Kaufman was 90 years old when his first book, Bowl of Cherries, appeared in 2007. The Baltimore native, who also created Mr. Magoo and got an Oscar nomination for his Bad Day at Black Rock screenplay, passed away last year, and this hardboiled follow-up was published posthumously. In it, Jack Hopkins—yes, Kaufman was a JHU grad—sells real estate, beds femme fatales, and navigates a sea of dead bodies that would make Hammett and Chandler lose their liquid lunches. The writing is crisp and the pace is brisk, but Misadventure isn’t essential noir, though it could make for an interesting film. Too bad Kaufman isn’t around to write the screenplay.
Paul Chan (editor)
Waiting for Godot in New Orleans: A Field Guide (Creative Time)
Three years ago, I read a piece in The New York Times about a production of Beckett’s Waiting for Godot staged in New Orleans’ devastated Ninth Ward—which, post-Katrina, seemed like an appropriate setting. Curious, I searched YouTube but found nothing about the production, which was spearheaded by artist Paul Chan and starred The Wire’s Wendell Pierce. This book remedies the dearth of documentation. Put together by Chan, it tells how the unlikely production came to be, and provides an extraordinary account of the grassroots work that framed it. To their credit, Chan and his cohorts didn’t just drop in, mount the play, and split. Instead, they attended community meetings, organized potluck dinners, taught classes, and raised money for relief efforts. In fact, they staged Godot only after they were certain of making a positive impact in the area. This thoroughly illuminating book shows how they did it, and, as its subtitle implies, provides useful information (and inspiration) for anyone interested in creating meaningful community art.

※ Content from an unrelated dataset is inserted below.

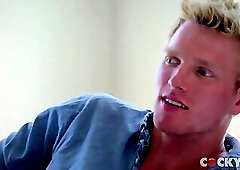 Hot jock fuck himself and then cum all over him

Dr. Clara Small & Rev. David Briddell
“Men of Color, To Arms!” (Arcadia)
In this meticulously researched volume, Small and Briddell document the Civil War service of African Americans living on the Eastern Shore. Focusing on Worcester and Somerset counties, they list the names of more than 1,200 black soldiers who fought for the Union and provide historical context that richly underscores the significance of their war service. Because this book is more of a starting point than a definitive document, I hope others will use it as a catalyst for further research on this important aspect of local history.